Plan

Basic plan

Come up with a great bacronym for Habeas e.g. Helpfully Annotated Basic Encyclopedia of Academic Software
Take the CORD-19 Software Mentions dataset and clean it
Sort the dataset in order of popularity
Starting with the most popular software, split the software between us and manually identify whether the software has an associated code repository
Create the first Habeas Corpus from this exercise, which will just contain: name of the software, URL of associated code repository, list of identifiers of papers that mention it
Use this version of Habeas Corpus to test analyses that answer the questions we'd like to pose, and identify what information/metadata is missing
Go back to incorporate that metadata where simple
Present some of the questions we're now able to answer using Habeas Corpus

Based on our experience of 1. create instructions for cleaning the CORD-19 Software Mentions dataset
Based on our experience of 1. create a "software name deduplication mapping tool" which lets people know the aliases of common software titles
Create entries in Wikidata for each piece software, including its aliases, to give it a unique identifier
Create tools to make it easier to automatically

Question	Data / Metadata required	Notes
Most popular software	Software mentions, software aliases
Usage	?	How do we identify number of users? Number of unique publication authors who mention it?
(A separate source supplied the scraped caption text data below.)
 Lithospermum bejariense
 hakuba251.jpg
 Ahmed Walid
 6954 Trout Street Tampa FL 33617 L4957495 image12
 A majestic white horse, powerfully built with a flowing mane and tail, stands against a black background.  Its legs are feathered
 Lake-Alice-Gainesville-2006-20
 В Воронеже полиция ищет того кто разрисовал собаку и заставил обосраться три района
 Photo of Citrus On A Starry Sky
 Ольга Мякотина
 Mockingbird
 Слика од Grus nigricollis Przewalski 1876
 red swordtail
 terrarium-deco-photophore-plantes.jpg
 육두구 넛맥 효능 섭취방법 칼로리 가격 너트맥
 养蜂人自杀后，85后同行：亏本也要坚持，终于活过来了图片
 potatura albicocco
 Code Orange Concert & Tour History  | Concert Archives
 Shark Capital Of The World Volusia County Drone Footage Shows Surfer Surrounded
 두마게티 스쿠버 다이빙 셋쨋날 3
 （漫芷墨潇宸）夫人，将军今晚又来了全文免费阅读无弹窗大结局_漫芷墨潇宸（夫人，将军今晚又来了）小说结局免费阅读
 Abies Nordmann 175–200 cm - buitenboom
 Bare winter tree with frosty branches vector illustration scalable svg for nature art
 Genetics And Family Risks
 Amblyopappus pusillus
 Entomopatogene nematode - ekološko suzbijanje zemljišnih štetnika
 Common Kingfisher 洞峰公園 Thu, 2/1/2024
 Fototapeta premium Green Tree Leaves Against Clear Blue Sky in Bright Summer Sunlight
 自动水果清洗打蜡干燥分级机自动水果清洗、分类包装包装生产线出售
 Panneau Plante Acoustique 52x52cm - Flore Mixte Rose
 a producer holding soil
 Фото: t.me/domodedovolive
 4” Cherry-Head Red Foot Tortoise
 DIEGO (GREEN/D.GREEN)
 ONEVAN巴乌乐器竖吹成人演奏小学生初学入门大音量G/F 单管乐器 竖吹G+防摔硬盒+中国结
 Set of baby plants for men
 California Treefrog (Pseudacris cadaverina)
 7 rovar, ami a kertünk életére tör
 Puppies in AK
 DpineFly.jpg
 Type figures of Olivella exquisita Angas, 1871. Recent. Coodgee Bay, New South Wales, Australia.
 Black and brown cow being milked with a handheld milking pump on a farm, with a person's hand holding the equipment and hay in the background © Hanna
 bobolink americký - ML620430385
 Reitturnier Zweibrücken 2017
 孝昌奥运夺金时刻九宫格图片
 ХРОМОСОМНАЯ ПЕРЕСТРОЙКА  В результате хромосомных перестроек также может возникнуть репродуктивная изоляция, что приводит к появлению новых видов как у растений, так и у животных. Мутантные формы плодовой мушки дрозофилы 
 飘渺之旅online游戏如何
Number of unique publications that mention it?
Type of License	Link to code repository or license file	Should this be dynamically fetched?
Filter software by purpose	?	Requires classification of purpose
How software is being used	Where software is mentioned, other context?	Is there a good way of doing this in an automated way?
Analyse dependencies	Link to code repo
Software metrics	Link to code repo
Software project metrics (e.g. how often developed, contributors)	Link to code repo
Academic disciplines a piece of software is used in	Links to paper IDs that mention it
Who funded the software	Links to grants, funders	Perhaps through acknowledgements in the paper that mentions it? Only works if author created
Who funded the use of the software to do a piece of research	Link to paper ID and ability to extract research funder info from that
How detailed is the mention of the software (e.g. citation, version number, release year)	Full text encoding?	This might be better applied to the SoftCite dataset which has this information already coded and annotated
Summarise by platform, e.g. all Python packages	Platform metadata	Or some external source that allows understanding of what software is "similar"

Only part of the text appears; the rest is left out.